Hari Raya, or more accurately Hari Raya celebrations, have proved contentious on a much larger scale on one or two occasions in the past.
The first opinion piece I wrote for The Star several years ago was on so-called Kongsiraya open houses. Some people were of the opinion that such official, national-level “joint” celebrations are not in keeping with Islamic tenets and should not be held, even if the larger objective was to encourage the spirit of muhibbah among Malaysians.
The positive impact of such organised events was readily acknowledged, but it was argued that non-Islamic elements should not be integrated with celebrations having to do with Islam.
My take was that a Hari Raya open house is held in conjunction with Hari Raya; it is not held because it is required of Muslims by the religion.
It is certainly a commendable thing to do, and no one would be hard-pressed to find justification in Islam to say that it is so.
Having good relations with your neighbours is also a good thing. In fact, Islam requires it of its believers, unlike the open house, which is not compulsory.

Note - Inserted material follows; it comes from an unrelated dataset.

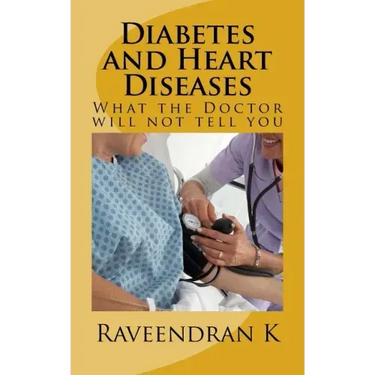 Diabetes and Heart Diseases: What the Doctor will not tell you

So I came to the conclusion that all the fuss over Kongsiraya open houses was much ado over very little. Suffice to say I received some pretty interesting feedback on it.

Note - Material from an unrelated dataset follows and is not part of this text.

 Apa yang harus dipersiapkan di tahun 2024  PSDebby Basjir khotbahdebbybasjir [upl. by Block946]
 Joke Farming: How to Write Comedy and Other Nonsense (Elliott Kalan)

Also interesting was the recent Hari Raya open house hosted by Prime Minister Datuk Seri Abdullah Ahmad Badawi and Muslim Cabinet ministers.

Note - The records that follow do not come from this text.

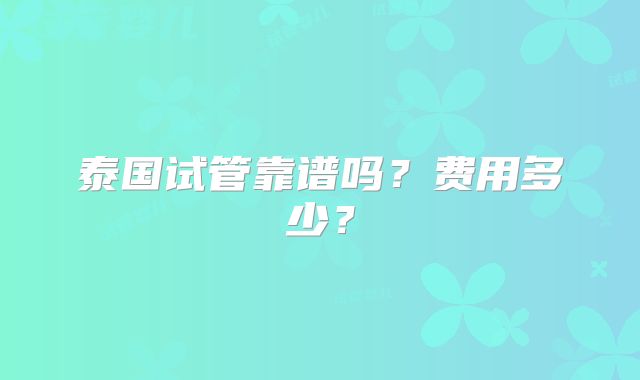 泰国试管靠谱吗?费用多少?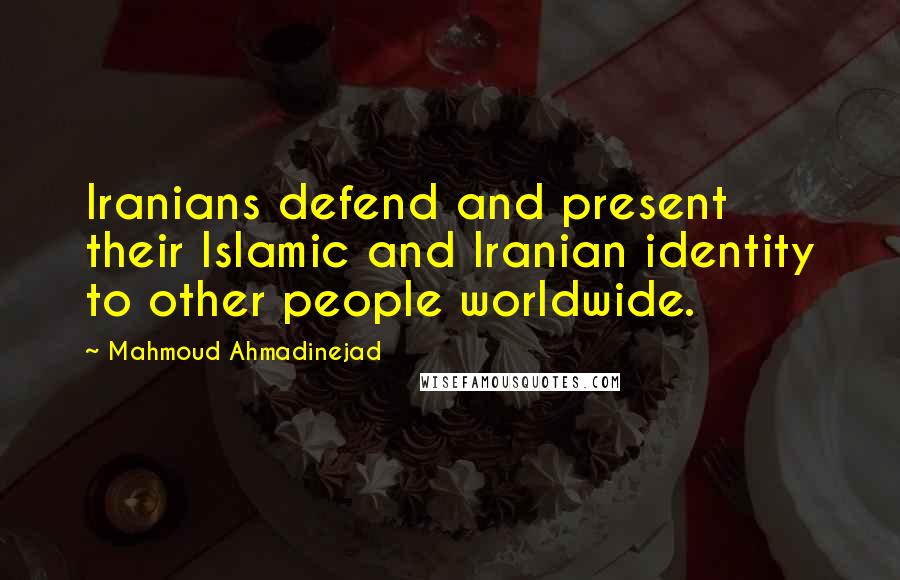 Mahmoud Ahmadinejad Quotes: Iranians defend and present their Islamic and Iranian identity to other people worldwide.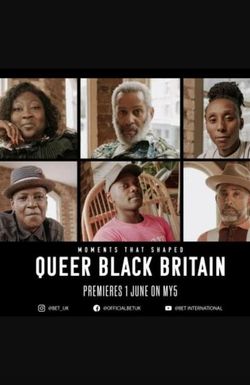Moments That Shaped Queer Black Britain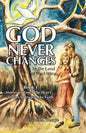 God Never Changes: In the Land of the Living - Paperback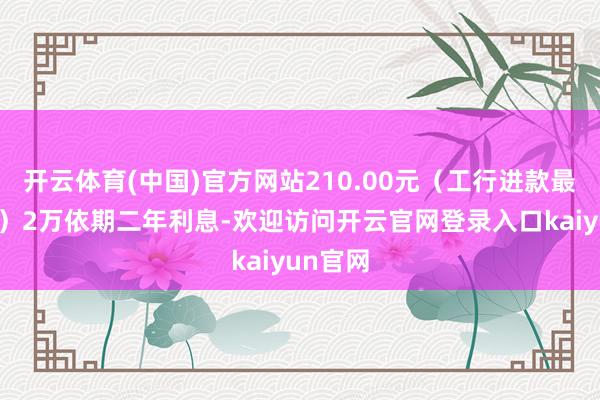开云体育(中国)官方网站210.00元（工行进款最新利息）2万依期二年利息-欢迎访问开云官网登录入口kaiyun官网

There was a huge crowd, with official estimates putting it at nearly 200,000 people.
I hope Pak Lah didn’t have to shake the hand of each and every one of the visitors, because even if it takes just a second to shake the hand of one person, he would have been at it for at least two days.
Most of the visitors probably just went straight for the food.
Some didn’t eat, like the Hindraf supporters who turned up and created quite a stir.
Now, I wasn’t there so I can’t say for sure what happened. But Pak Lah was and this is his take on the incident.
Relating the incident to reporters, he said the police and security personnel, who initially denied the Hindraf group access, sought clearance from him.
“I discussed it with (Deputy Prime Minister) Datuk Seri Najib Tun Razak and the other mi- nisters,” said Abdullah, who was at the time welcoming visitors to the open house with his wife Datin Seri Jeanne Abdullah, and Najib and wife Datin Seri Rosmah Mansor.
“In that spirit, I told the security team to allow them in. They came in and there was a lot of noise, I don’t know why.
“I heard very clearly ‘Hapuskan ISA, Lepas- kan Hindraf’ (Repeal the ISA, Release the Hindraf detainees).”
He added that he did not know if another group of 70 people who arrived later had wished anyone, as he had left for prayers by then.
It seems that some of them met with the Prime Minister, including the six-year-old daughter of P. Waythamoorthy, who presented Pak Lah with a teddy bear and a Hari Raya card containing a message for the release of Hindraf leaders detained under the Internal Security Act (ISA).
No on can accuse the Hindraf supporters of gatecrashing the event, as this was an open house after all, and everyone was invited.
No one can say that they do not have a legitimate demand in seeking the release of the detainees, as apart from terrorists, there is no reasonable justification why anyone else should be held under the ISA.
But, my, what a way to treat the hosts of an event held in the spirit of goodwill, neighbourliness and festivity.
There were several Opposition politicians in the house, and they too harbour some negative opinions of the Barisan Nasional Government, including the use of the ISA, but they displayed the impeccable behaviour that one normally expects of people who visit open houses, regardless of whether such open houses are hosted by the Prime Minister or your next door neighbour.
I support the right of Malaysians to assemble and protest against matters they are unhappy with on the streets of Putrajaya or Kuala Lumpur if need be, but the Prime Minister’s open house simply was not the proper forum for the Hindraf supporters to air their grievances.
So, how was your Hari Raya, really? I bet you too have interesting stories to tell.